Everywhere you go will be somewhere
you've never been. Try this:
head south on Mississippi 49, one-
by-one mile markers ticking off
another minute of your life. Follow this
to its natural conclusion — dead end
at the coast, the pier at Gulfport where
riggings of shrimp boats are loose stitches
in a sky threatening rain. Cross over
the man-made beach, 26 miles of sand
dumped on the mangrove swamp — buried
terrain of the past. Bring only
what you must carry — tome of memory,
its random blank pages. On the dock
where you board the boat for Ship Island,
someone will take your picture:
the photograph — who you were—
will be waiting when you return.
It's the birthday of Modernist poet Edith Sitwell (books by this author), born in Scarborough, England (1887). Her parents, Sir George and Lady Ida Sitwell, were baffled by their daughter. While Lady Ida was a beauty, Edith was not. She was extremely tall and thin, with a curved spine and a hooked nose. Her parents forced her to wear an iron brace on her back and a contraption on her nose in an attempt to make her more conventionally attractive. Edith was a bright and curious child, but her father decided that formal education made women less womanly, so he refused to let her go to school. When she was a teenager and it came time for her to make her debut in society, she engaged a man in a debate over his classical music preferences, and her parents were horrified and pulled her back out of social gatherings. She left her family on such bad terms that she didn't even attend her mother's funeral.
Instead, she made her own life as a Modernist poet and a notable public personality. She published many books of poems, including Rustic Elegies (1927), The Song of the Cold (1948), Gardeners and Astronomers (1953), and The Outcasts (1962). Her poetry has generally been overshadowed by her colorful personality. To accentuate her dramatic features, she wore enormous rings, turbans, and old-fashioned gowns. She befriended T.S. Eliot and Graham Greene, and later in her life, championed Dylan Thomas’ poetry. She considered Marilyn Monroe a soulmate, and the two women read poetry aloud together.
Sitwell's best-known work is Façade, a series of poems that she set to music — each poem was meant to be read in a specific rhythm. The composer William Walton wrote the music and conducted a live orchestra during the performance. All the audience could see was a curtain painted like a huge face, with a hole in the center for a mouth. Sitwell sat behind the hole, reciting her words through a megaphone. The first London performance of Façade went so badly that an old woman in the audience waited outside the curtain afterward to hit Sitwell with an umbrella; Noel Coward walked out; and Virginia Woolf didn't understand the poetry. Woolf wrote: "So I judged yesterday in the Aeolian Hall, listening, in a dazed way, to Edith Sitwell vociferating through the megaphone. [...] I should be describing Edith Sitwell's poems, but I kept saying to myself 'I don't really understand ... I don't really admire.'” When Sitwell performed Façade in New York more than 20 years later, it was extremely popular.
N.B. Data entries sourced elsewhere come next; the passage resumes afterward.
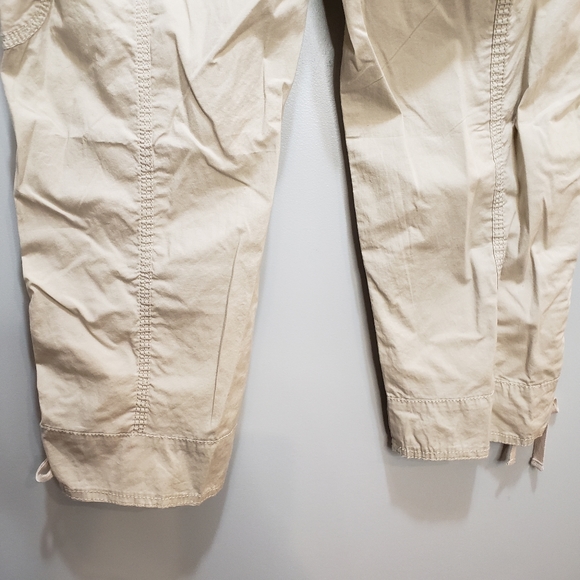 Chico's Amelia Crop Cargo Pant Putty Size XS NWT! CROP CARGO PANTS 29" Waist - Picture 7 of 15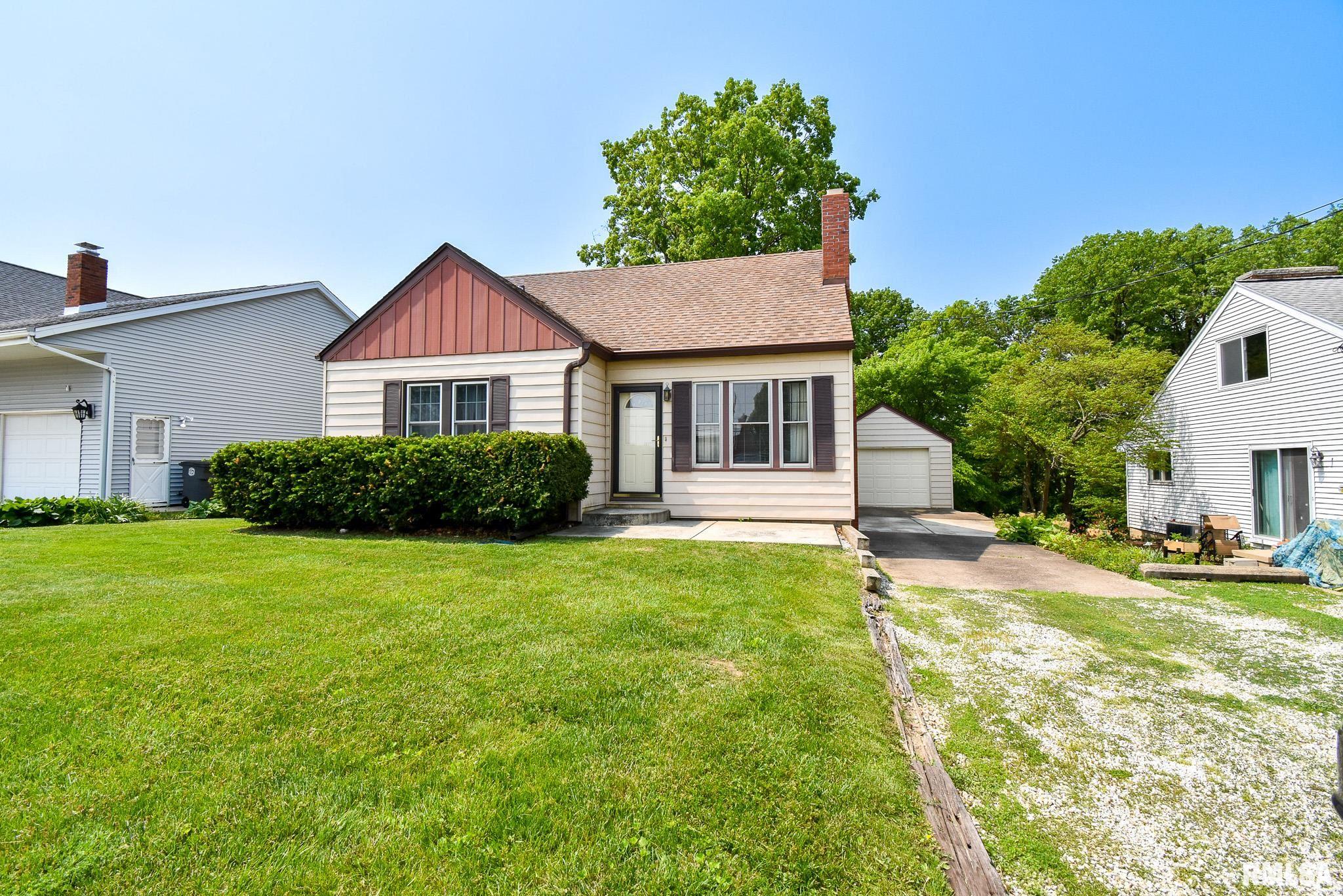 710 Springfield Road East Peoria, IL 61611 - Photo 2 of 35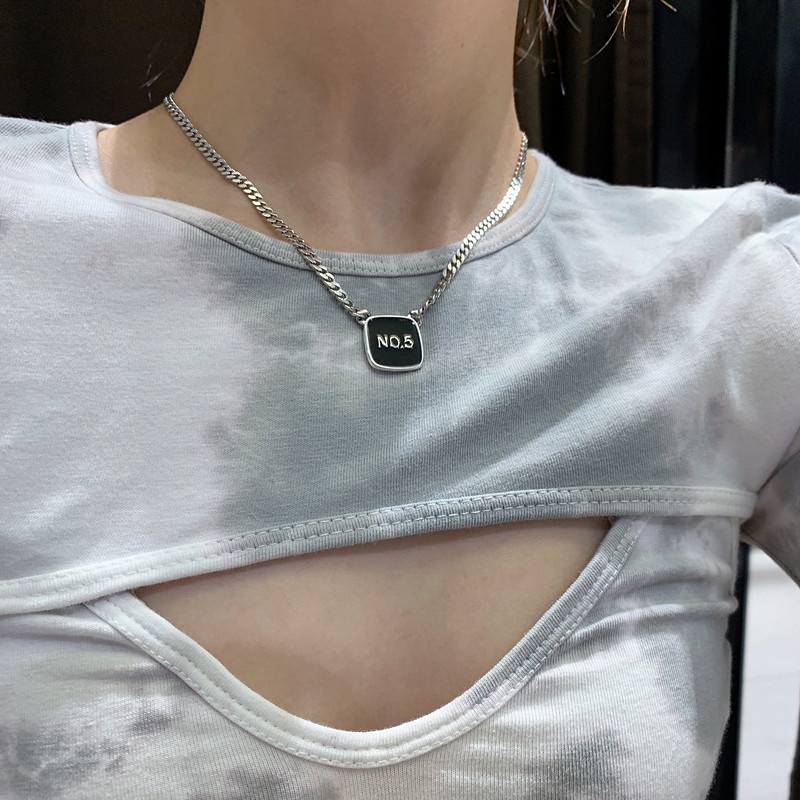 Dây Chuyền Mặt Vuông Kỹ Thuật Số Phong Cách Hip Hop Thời Trang 19A1311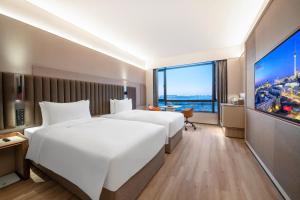 IntercityHotel Shanghai Hongqiao Airport - Free Minibar for First Night客房内的一张或多张床位
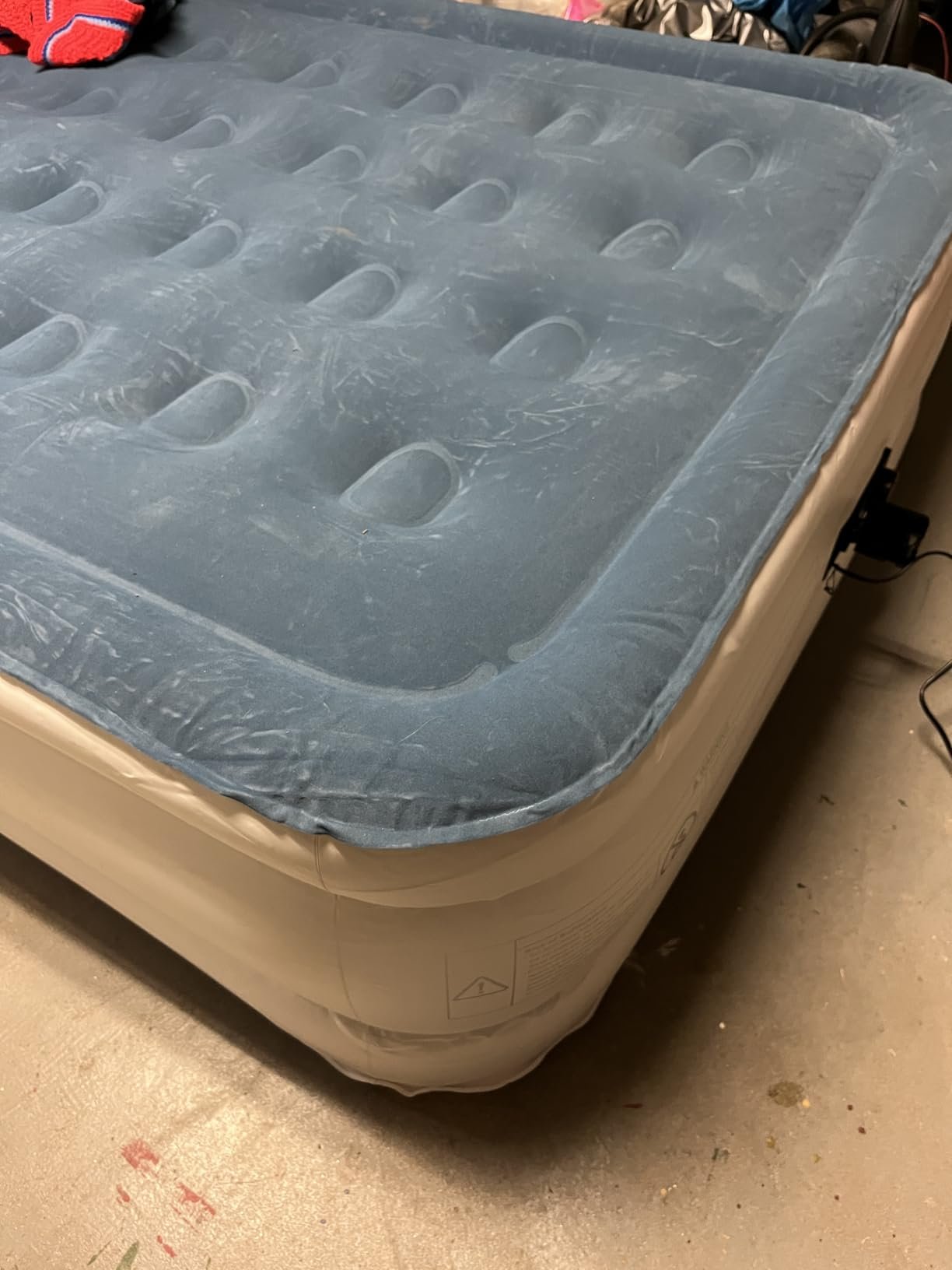 Queen Air Mattress with Built-in Pump. 18 Raised Blow Up Mattress. 800 lbs Max Honeycomb Air Bed. 48Hr Leak-Proof Test. 3min Inflatable Mattress for Home. Guests. Camping. Colchones inflables photo review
Sitwell said: "I am not an eccentric. It's just that I am more alive than most people. I am an unpopular electric eel in a pool of catfish."
It's the birthday of journalist and novelist Joe Klein (books by this author), born in Queens in 1946. He was a respected political reporter when he decided to write a novel based on Bill Clinton's 1992 presidential campaign. Although it was fiction, the characters were very thinly disguised. Clinton became Jack Stanton, and Hillary became Susan. Klein called the novel Primary Colors (1996), but he published it under the name "Anonymous," generating fevered speculation over the identity of the author. Washington insiders and experts pointed to Klein as the author, but he denied it over and over. Finally, when The Washington Post published a forensic handwriting analysis that linked Klein to the manuscript, Klein — wearing Groucho Marx glasses — held a press conference and admitted that he had written the novel and then lied about it. His fellow journalists were furious, but Primary Colors was a best-seller and made Klein a multimillionaire.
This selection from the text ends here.